TASK STATEMENT
Reproduce the records exactly through the line with "Original Honeywell 900RSM-0200".

DATA
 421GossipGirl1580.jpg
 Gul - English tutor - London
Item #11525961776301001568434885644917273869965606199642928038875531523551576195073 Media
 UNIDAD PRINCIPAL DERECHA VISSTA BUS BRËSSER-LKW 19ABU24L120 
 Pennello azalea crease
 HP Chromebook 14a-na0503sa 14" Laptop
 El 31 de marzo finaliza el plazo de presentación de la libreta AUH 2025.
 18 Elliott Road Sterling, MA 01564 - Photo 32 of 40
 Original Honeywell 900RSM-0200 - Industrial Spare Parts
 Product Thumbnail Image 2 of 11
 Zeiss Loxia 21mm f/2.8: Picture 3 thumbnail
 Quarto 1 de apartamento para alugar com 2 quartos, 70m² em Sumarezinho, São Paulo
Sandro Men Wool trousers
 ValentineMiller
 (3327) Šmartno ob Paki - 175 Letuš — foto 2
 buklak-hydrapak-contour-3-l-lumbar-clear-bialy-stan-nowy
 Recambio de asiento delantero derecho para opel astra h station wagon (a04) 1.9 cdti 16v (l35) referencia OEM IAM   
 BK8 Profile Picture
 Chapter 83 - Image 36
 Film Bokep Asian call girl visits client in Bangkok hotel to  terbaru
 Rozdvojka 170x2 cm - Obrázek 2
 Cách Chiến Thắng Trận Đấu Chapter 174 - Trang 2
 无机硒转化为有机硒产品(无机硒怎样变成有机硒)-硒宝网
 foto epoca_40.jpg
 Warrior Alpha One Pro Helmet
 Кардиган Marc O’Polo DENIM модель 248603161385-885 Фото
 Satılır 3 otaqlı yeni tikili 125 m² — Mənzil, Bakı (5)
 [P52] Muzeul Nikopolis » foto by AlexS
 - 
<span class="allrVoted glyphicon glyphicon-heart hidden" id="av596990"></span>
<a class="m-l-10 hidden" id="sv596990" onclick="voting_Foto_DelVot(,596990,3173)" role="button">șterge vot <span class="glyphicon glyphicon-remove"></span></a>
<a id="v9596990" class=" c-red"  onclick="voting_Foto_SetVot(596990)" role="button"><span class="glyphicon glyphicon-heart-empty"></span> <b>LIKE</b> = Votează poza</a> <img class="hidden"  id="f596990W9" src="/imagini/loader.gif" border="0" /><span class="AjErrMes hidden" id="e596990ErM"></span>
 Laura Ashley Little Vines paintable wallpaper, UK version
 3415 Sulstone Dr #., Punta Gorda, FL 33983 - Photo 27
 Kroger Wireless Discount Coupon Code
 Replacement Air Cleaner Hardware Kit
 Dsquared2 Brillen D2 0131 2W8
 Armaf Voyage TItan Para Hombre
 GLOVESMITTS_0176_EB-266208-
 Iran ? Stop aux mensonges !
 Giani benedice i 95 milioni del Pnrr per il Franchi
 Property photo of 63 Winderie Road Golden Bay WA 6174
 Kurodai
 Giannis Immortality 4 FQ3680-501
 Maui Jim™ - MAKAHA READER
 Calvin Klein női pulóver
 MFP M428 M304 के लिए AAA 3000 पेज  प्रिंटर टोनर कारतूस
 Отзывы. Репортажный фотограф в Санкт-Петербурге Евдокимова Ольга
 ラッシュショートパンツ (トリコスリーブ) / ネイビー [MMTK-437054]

SOLVED PROBLEM
 421GossipGirl1580.jpg
 Gul - English tutor - London
Item #11525961776301001568434885644917273869965606199642928038875531523551576195073 Media
 UNIDAD PRINCIPAL DERECHA VISSTA BUS BRËSSER-LKW 19ABU24L120 
 Pennello azalea crease
 HP Chromebook 14a-na0503sa 14" Laptop
 El 31 de marzo finaliza el plazo de presentación de la libreta AUH 2025.
 18 Elliott Road Sterling, MA 01564 - Photo 32 of 40
 Original Honeywell 900RSM-0200 - Industrial Spare Parts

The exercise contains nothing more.